The ecstasy of ownership

I'm still stuck with the whole NFT thing. But I want to move away from
context of art, which has such a long history of conspicuous
consumption, speculative bubbles, and dubious objects that it's very
tempting to see this basically as the continuation of all of that, a
bubble, inside another bubble, inside yet another one, pumped up by
fraud. And there is probably much to that way of reading it.

But what about Jack Dorsey's first tweet? Worth $2.5 millions. What kind
of object is that, and what is driving the desire to own it? I think
it's fair to say that it's a historically significant document and that
it makes sense to preserve it for posterity because it symbolizes
something larger. But why buy it? In this particular case, there was an
element of a charity-auction to it, people buying overpriced stuff in
order to raise money for a worthy cause. So, there is that. Rich people
patting each other on the back so that some flakes of their "net worth"
can fall off the table. There probably also some fraud in there. But
even if you take all of that into consideration. Don't think it can
explain everything.

There is more to it, and that "it" has to do with ownership raised to a
kind of metaphysical category. Or, to be more precise, it's an
expression of a culture -- let's say libertarian tech bros -- in which
all relationships to the world, and possibly to the self too, are
expressed as private property. In which all different forms of social
value are expressed through paying lots of money for a title of
ownership. The "ownership society" is an old conservative phantasy, in
which everyone acts like a little proprietor, and here it's realized in
its most extreme form. It's the ultimate flattening of human desires
into a desire to own. Making fun of the fact that by buying an NFT one
barely acquires anything is kind of besides the point, because the
desire to own does not express a desire to control (the standard
privilege of ownership), but expresses a desire relate, a desire to be
recognized as part of history. Bragging rights, as they call it. An
earlier generation of very rich people has expressed a similar desire by
donating money to worthy institutions and then having a room or an
entire building named after them.

The difference is not between digital and analog, though, but between
different ways of imagining human relations (mediated through objects)
and the degree to which ownership as the only imaginable type of social
relation has come to dominate certain sectors of society.

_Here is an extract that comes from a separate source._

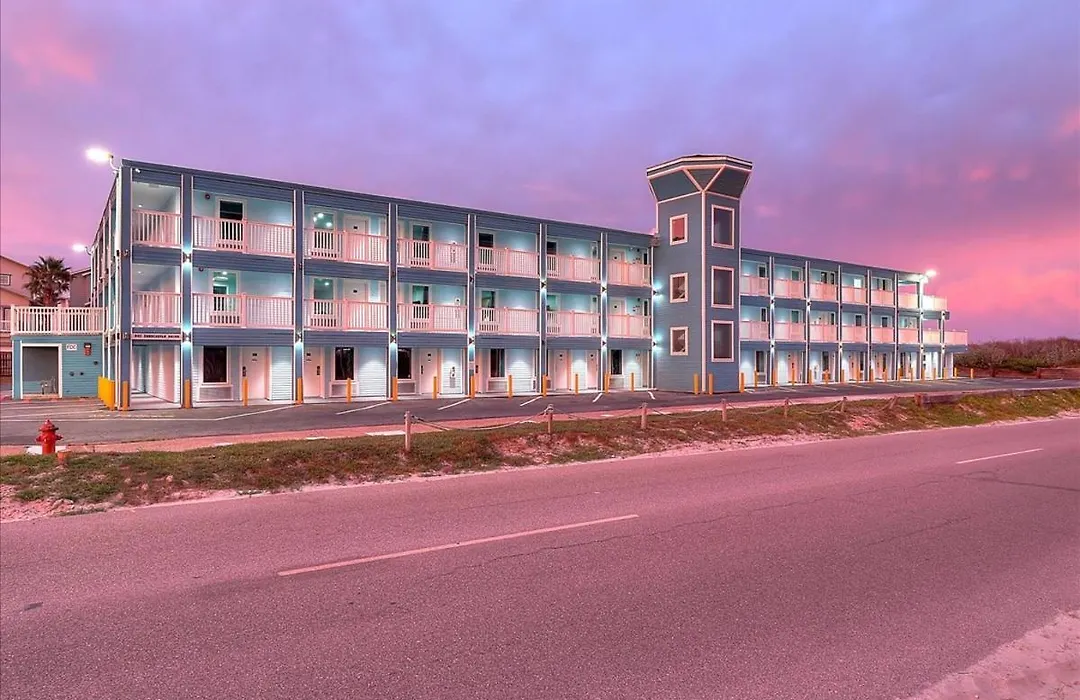 Seaside Boutique Hotel, Waves At Your Doorstep-1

As a contrast, take something like ubu.com or monoskop.org. These are
also projects in which someone -- Kenneth Goldsmith or Dusan Barok,
respectively -- expresses an unusual degree of attachment to, and
valuation of, certain digital artifacts that are meaningless to most
others. They also invest significant resources, decades of their own
labor, to realize their desire. But the desire towards these objects is
not expressed as ownership, but as care, as a self-appointed obligation
to create an environment in which these objects can unfold their
potential for which they are so highly valued.

I think there is a kernel of that desire also in some of the NFT
purchases, even if buried under piles of bullshit. And they stand for an
existential poverty, a poverty of imagination, of language, and of
sociality. It's an ecstasy of ownership, and it anything good is to come
out of this, it is to render the very notion of ownership meaningless.